**Problem to solve**
An exact, complete printout of the listing is wanted, minus its images.

┌─ Source data

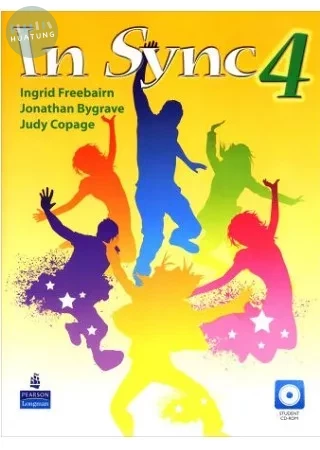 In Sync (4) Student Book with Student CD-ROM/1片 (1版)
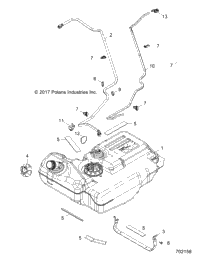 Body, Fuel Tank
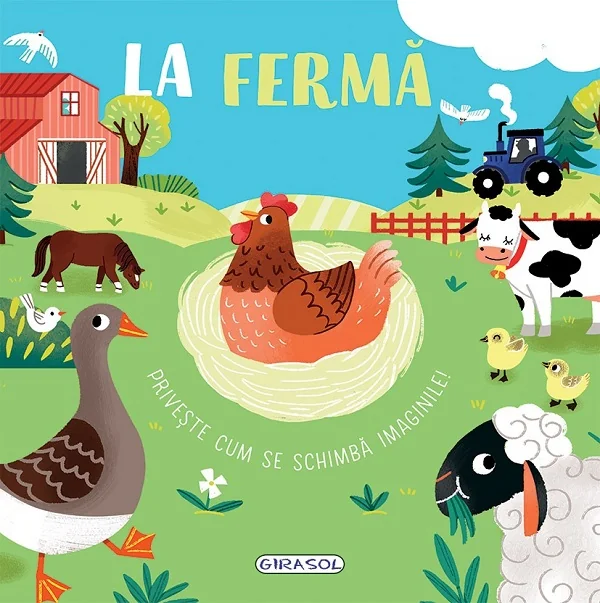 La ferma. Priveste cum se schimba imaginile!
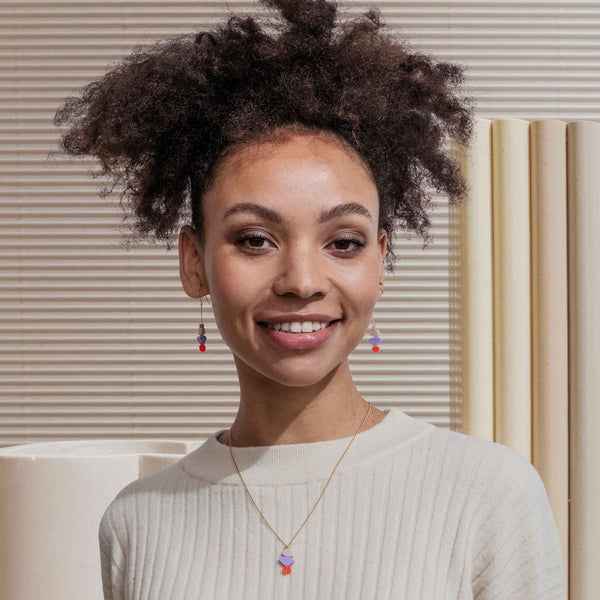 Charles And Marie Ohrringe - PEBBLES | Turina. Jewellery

└─

**Answer space**
 In Sync (4) Student Book with Student CD-ROM/1片 (1版)
 Body, Fuel Tank
 La ferma. Priveste cum se schimba imaginile!
 Charles And Marie Ohrringe - PEBBLES | Turina. Jewellery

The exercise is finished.